According to Auburn University, Masoud Mahjouri-Samani and his team have successfully tested a nanoparticle 3D printer aboard a NASA-sponsored zero-gravity flight.
The compact device, called LASED (Laser Ablation and Sintering Enable Deposition), was flown in May aboard a modified Boeing 727 near Salina, Kansas. During roughly 30 parabolic arcs — each simulating 23 to 25 seconds of microgravity — the machine printed without a hitch. “This was a one-shot win. From the very first parabola, the machine printed beautifully. That level of success on a first flight is extremely rare,” Mahjouri-Samani said.
The flight was part of the $870,000 NASA-funded project, “In Space Dry Printing Electronics and Semiconductor Devices.” The goal: to enable astronauts to print electronics on demand — including antennas, sensors, and monitors — without needing shipments from Earth. “In space, you want to print what you need, when you need it,” he explained.

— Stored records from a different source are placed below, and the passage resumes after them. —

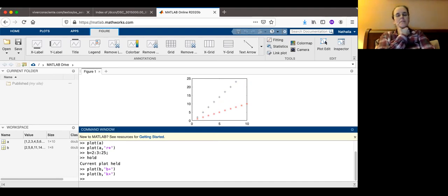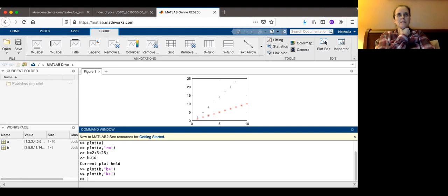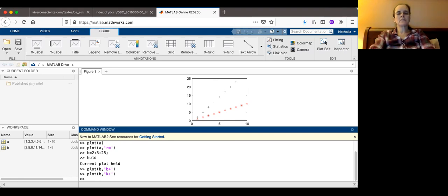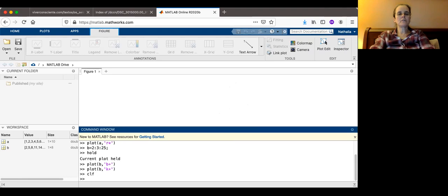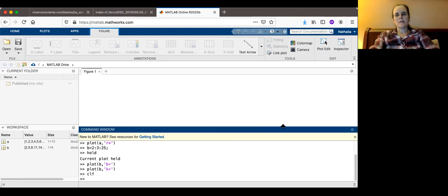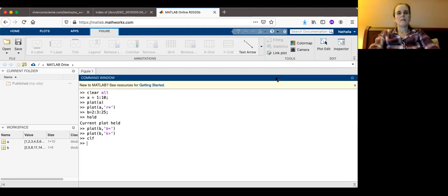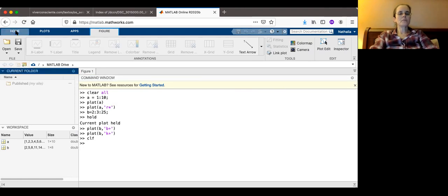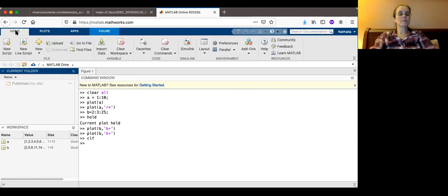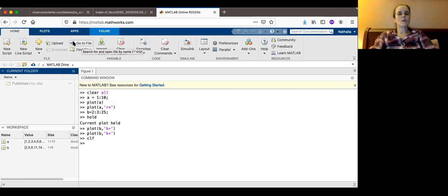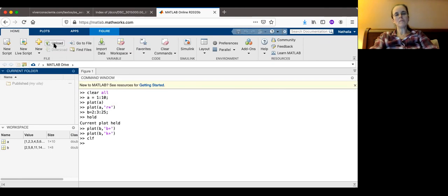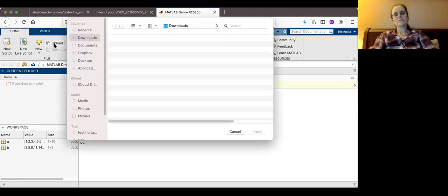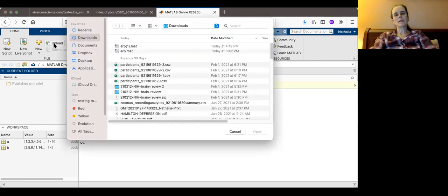Except instead of stars and pluses, you're going to see EEG data. So if I want to clear this, I can type clear figure. But now I want to upload the file that I downloaded to my computer. So I can go here on upload.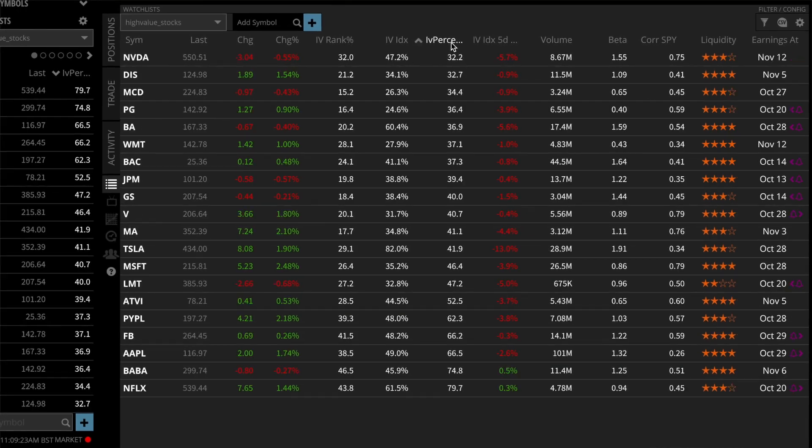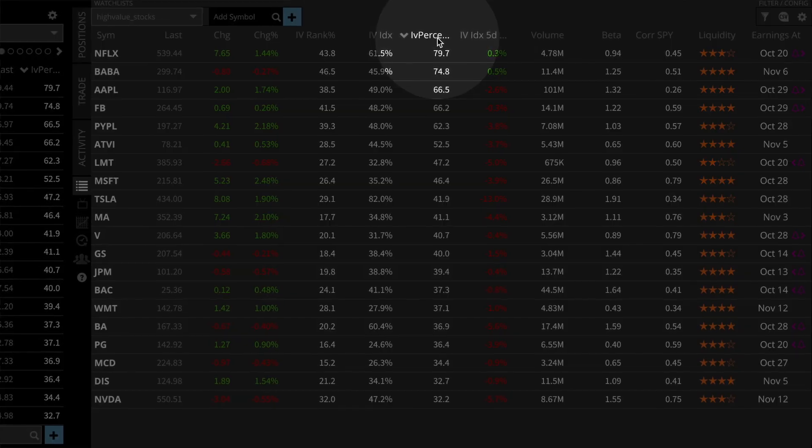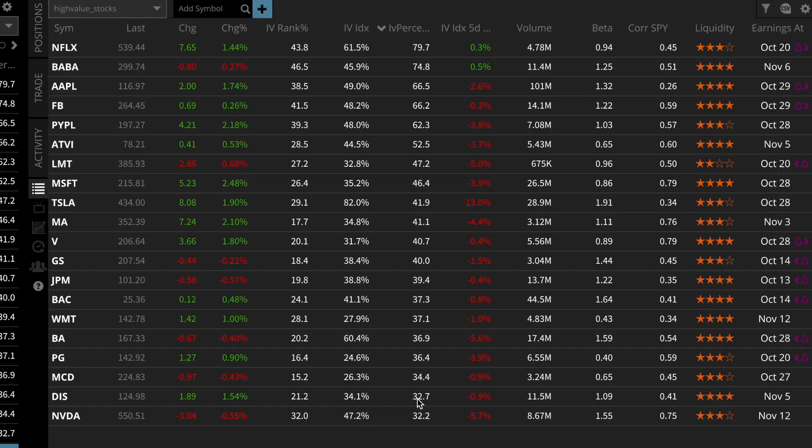When you compare an IV percentile of 80% to one of 50%, we understand that for stock A with 80%, implied volatility has been lower than today's level 80% of the time over the past year. For stock B at 50%, it's only been lower 50% of the time. So stock B is a better buy because its option prices are lower relative to themselves. Tastyworks has the IV percentile built directly into the platform — just go to your watchlist and sort stocks by IV percentile to quickly see what's expensive or cheap relative to itself.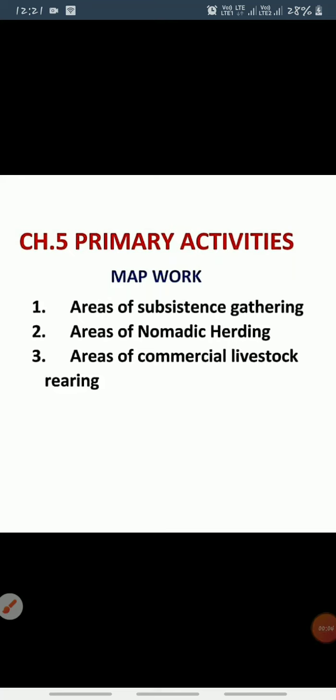Good morning students, hope you all are fine. Today we are going to learn about the maps of Chapter 5: Primary Activities. In this chapter we will learn about nine types of maps, but today we will discuss only three: areas of subsistence gathering, areas of nomadic herding, and areas of commercial livestock rearing.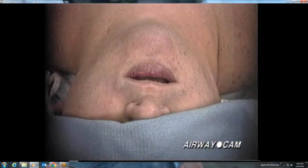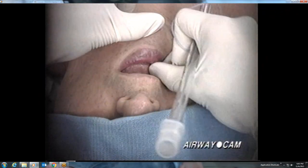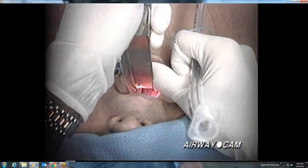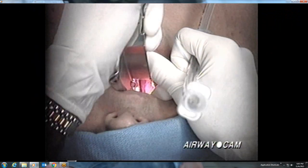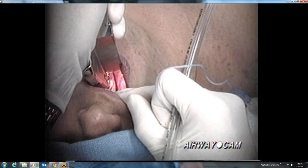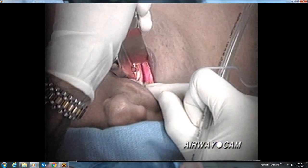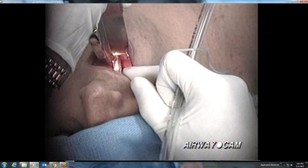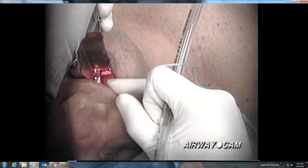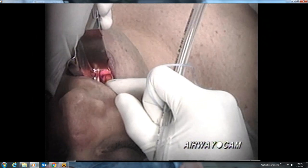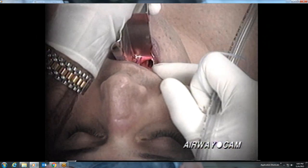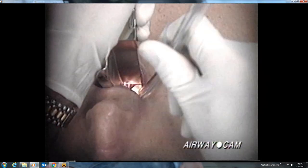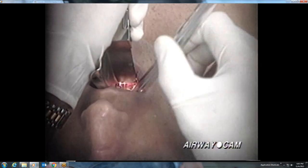The next intubation is with a Macintosh No. 4 blade on a young man. Following a scissor technique opening of the mouth, the posterior pharynx is visualized, and the blade is further advanced until the tip fits into the vallecula. The edge of the epiglottis and the posterior cartilages become visible. While maintaining a view of the target, the tube is passed down the right side of the mouth.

The LASED system, just 24 inches per side and drawing under 500 watts, integrates nanoparticle generation, nozzle-based delivery, and sintering — all fully automated. “It’s a fully functional machine. Everything is integrated. You can program it to complete complex tasks in 20 seconds,” he said.
The machine was also engineered for space-rigors, tested to tolerate up to 18Gs. Performance exceeded expectations. “Other systems sometimes need multiple flights to even get one usable print,” he said. “Ours worked perfectly on parabola one.” With time to spare, the team printed extra samples — foundational circuit patterns — to confirm consistency and accuracy.